Volatile stocks right choice for returns: Morgan Stanley
Volatile stocks right choice for returns: Morgan Stanley
Mumbai: Global financial services firm Morgan Stanley is overweight on emerging markets such as India and China, its chief Asian and emerging market equity strategist Jonathan Garner said in an interview. On what sectors to buy in India, Garner said investors should stay away from consumer staples and low-beta sectors and instead buy high-beta ones. Beta is a measure of a stock’s volatility in relation to the market as a whole, and high-beta stocks tend to be more volatile but with a potential to deliver better returns. Edited excerpts:
China has become the top talking point in our market for the last few sessions; how are you reading cues from that part of the world?
The underlying picture is one of global economic recovery, and we suspect that in Asia and emerging markets, corporate earnings are going through the trough of the cycle right now. So the 2010 outlook strategically is very good. The only issue is having come a long way in a short period of time...people begin to get concerned about sustainability of recovery and begin to look ahead for a tightening cycle.
For China itself though, as a market, there has been a fairly deep correction these past few weeks. Do you sense that market itself might struggle for a bit longer?
We are still overweight Chinese equities as we have been since late last year.
Like the rest of the emerging markets, they have corrected the extreme mispricing that existed since then.
So we are back in both Chinese equities and global emerging equities to slightly above long on average valuation levels. We think that any idea about what is going to be a meaningful tightening in Chinese monetary policy soon is wrong and we expect it to be mid-2010 before we get any meaningful reimposition of (tighter policy)... So we suspect this correction will run its course relatively soon in China.
What about India? Are emerging market investors now leaning more towards India compared with China, given the kind of volatility you are seeing in that market?
We like the Indian markets as well. We are overweight Indian equities. There has been a poor monsoon season and we are factoring that into our GDP (gross domestic product) forecast, but the industrial production and corporate earnings side of the economy are very strong, in fact beating expectations on corporate earnings. Then we have measures that are coming forward on the fiscal side that we find quite encouraging, particularly the corporate tax reduction that is being muted in the simplification of the tax code more generally, which I think will help investor sentiment towards India. So we are pretty comfortable in retaining an overweight on India here.
There is a degree of discomfort about the valuations in India, particularly for some of the heavyweights or Nifty stocks. Do you go with that?
We have the market trading at about 15 times 2010 price-earnings (multiples). That’s about a 20% premium to global emerging equity markets. It has been an expensive market relative to the historical peaks of the Indian market. However, no one is cheap as it was six-nine months ago.
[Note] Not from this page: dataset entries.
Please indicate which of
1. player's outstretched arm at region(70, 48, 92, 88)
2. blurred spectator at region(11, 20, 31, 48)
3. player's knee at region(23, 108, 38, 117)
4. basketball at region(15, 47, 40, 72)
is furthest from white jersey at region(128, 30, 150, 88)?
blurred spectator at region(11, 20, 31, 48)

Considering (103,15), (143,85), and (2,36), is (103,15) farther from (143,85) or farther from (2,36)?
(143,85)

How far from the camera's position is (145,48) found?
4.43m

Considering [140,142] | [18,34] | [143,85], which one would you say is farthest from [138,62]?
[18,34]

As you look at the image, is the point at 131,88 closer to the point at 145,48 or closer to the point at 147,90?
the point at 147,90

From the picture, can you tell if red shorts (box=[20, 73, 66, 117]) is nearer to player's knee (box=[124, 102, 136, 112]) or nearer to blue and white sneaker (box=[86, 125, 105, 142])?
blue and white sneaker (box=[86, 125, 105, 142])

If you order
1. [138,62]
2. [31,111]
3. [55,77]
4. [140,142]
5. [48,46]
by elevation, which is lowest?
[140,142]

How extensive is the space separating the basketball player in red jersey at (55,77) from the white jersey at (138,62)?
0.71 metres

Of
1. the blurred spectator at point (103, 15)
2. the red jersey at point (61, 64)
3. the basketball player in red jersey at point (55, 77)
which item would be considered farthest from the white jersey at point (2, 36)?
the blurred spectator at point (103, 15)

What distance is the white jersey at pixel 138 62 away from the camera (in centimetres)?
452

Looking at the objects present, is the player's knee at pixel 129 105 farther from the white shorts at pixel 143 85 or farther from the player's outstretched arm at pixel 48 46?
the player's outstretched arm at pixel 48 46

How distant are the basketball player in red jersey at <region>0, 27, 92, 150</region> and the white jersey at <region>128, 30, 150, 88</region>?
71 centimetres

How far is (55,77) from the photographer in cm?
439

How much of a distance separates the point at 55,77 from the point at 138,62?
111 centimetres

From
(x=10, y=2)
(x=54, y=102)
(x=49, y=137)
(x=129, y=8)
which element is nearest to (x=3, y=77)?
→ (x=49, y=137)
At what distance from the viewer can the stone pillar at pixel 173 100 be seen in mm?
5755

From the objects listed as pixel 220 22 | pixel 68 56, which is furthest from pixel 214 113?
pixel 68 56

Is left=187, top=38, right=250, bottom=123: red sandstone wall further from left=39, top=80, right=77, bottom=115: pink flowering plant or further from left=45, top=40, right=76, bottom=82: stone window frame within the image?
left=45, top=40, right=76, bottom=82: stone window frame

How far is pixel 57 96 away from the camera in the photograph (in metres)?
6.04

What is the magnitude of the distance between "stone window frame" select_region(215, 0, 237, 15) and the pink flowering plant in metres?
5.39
But with corporate earnings surprising on the upside, we think that the multiple is okay here and we think we can get further higher gains for the Indian markets as we have for the rest of the emerging markets.
What kind of themes would you back and what would get your investors to buy here?
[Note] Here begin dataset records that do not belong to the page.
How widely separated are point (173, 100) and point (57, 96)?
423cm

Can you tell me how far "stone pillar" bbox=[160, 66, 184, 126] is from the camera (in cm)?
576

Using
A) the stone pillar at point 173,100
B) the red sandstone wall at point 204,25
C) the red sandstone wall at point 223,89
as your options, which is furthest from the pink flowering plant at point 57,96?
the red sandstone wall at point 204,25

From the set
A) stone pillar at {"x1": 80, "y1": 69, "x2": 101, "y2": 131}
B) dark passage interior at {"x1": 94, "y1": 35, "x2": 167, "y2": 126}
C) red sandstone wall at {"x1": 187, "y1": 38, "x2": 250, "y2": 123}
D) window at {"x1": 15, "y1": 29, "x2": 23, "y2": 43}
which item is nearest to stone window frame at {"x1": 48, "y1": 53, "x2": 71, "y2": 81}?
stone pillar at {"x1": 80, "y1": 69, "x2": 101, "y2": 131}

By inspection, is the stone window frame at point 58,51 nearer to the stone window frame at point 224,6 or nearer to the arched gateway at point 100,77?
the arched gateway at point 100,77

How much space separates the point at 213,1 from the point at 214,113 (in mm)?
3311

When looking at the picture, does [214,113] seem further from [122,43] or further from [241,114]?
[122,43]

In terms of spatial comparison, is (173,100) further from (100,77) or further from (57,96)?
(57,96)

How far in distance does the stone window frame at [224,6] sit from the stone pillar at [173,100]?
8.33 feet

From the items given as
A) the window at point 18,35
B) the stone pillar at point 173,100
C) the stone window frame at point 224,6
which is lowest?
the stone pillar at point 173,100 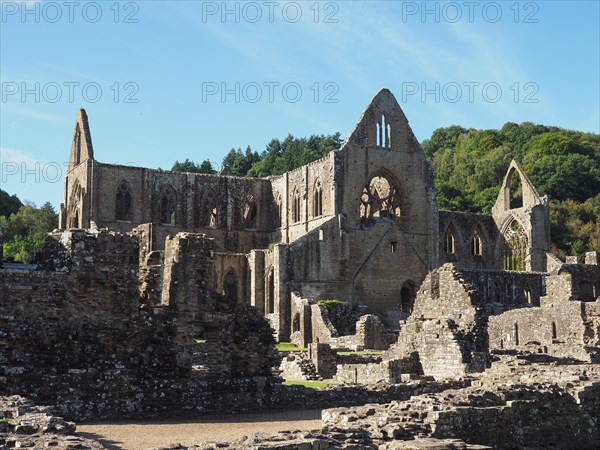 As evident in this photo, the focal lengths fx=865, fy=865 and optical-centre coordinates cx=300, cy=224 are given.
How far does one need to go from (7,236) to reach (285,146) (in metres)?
44.9

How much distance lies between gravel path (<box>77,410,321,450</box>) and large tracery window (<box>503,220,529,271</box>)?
170 feet

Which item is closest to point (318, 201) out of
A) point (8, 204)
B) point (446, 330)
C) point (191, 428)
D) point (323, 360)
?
point (323, 360)

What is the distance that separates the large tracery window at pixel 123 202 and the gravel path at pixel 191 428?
40824mm

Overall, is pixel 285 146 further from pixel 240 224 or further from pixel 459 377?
pixel 459 377

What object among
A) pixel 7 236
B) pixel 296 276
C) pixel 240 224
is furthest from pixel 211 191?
pixel 7 236

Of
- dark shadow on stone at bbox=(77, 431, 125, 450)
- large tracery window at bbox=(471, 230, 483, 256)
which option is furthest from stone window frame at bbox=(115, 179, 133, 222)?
dark shadow on stone at bbox=(77, 431, 125, 450)

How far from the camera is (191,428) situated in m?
14.1

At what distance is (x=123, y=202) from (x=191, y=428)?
43.2 meters

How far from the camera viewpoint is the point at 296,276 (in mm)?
48344

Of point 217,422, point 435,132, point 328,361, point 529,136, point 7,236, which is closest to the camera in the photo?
point 217,422

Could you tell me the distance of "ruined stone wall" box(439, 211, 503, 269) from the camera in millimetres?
66125

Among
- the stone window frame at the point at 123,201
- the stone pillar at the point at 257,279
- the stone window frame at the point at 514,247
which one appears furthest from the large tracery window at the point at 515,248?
the stone window frame at the point at 123,201

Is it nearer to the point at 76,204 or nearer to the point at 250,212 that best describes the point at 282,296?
the point at 250,212

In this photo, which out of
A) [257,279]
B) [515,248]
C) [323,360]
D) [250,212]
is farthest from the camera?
[515,248] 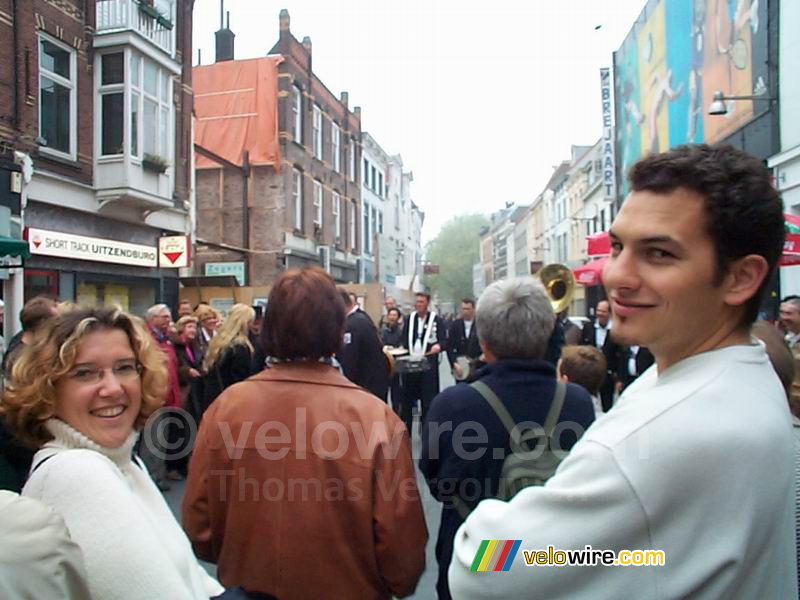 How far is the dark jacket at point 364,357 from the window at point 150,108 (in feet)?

We recommend staying away from consumer staples and some of the lower-beta areas of the market.
Both Riddham Desai, our India strategist, and myself have done that in the respective focuses that we have run, and on our side we have increased the exposure, particularly to infrastructure and construction, and the road-building programme is an extremely interesting one to play, and the property sectors as well, which are high-beta sectors to have exposure to.
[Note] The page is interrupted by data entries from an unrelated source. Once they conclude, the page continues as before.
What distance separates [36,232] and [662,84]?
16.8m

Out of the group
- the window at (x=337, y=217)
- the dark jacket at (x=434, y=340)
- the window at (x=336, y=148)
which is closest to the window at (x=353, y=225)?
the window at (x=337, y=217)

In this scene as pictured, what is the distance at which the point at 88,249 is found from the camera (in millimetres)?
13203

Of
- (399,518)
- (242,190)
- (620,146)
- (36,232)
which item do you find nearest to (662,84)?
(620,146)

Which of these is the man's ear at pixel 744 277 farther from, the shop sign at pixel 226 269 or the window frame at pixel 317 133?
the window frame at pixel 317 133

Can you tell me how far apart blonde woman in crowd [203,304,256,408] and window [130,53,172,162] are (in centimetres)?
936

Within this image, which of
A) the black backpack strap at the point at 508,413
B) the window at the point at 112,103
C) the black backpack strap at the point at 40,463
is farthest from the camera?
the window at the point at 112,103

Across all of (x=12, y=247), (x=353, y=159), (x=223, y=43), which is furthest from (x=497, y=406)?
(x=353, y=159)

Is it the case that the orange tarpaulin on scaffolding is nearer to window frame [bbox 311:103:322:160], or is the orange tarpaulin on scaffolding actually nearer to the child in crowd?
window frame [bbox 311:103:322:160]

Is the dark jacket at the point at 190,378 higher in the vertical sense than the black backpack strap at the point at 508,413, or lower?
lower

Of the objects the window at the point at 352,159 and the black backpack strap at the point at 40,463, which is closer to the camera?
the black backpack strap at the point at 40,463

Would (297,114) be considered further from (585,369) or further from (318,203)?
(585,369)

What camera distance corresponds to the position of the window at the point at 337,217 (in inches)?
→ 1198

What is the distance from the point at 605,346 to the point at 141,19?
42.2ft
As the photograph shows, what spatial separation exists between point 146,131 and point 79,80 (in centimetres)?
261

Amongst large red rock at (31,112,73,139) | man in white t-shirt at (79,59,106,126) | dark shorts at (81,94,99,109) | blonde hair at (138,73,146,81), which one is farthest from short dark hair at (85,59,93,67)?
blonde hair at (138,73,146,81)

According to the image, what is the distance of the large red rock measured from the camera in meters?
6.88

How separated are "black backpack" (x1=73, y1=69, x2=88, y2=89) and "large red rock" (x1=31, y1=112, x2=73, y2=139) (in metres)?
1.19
Give us a quick word on whether you sense that money interest is still high in markets like India.
Emerging equity markets in aggregate have had $40 billion (around Rs2 trillion) of foreign inflows, in terms of foreign mutual funds and purchasing stocks in the EM (emerging market) world.
What is interesting this summer is rather than abating or going into reverse, they have remained at reasonably robust levels, which I think is testament to the last and first nature of the global economic recovery this time. This has been a very unusual global economic recovery in the sense that Asia and EM led the recovery rather than the US. So retail investors globally are responding to that by abating their holdings in Asia and EMs. That is very encouraging. It’s reversal of the outflows that we saw last year and we think it’s reasonably sustainable.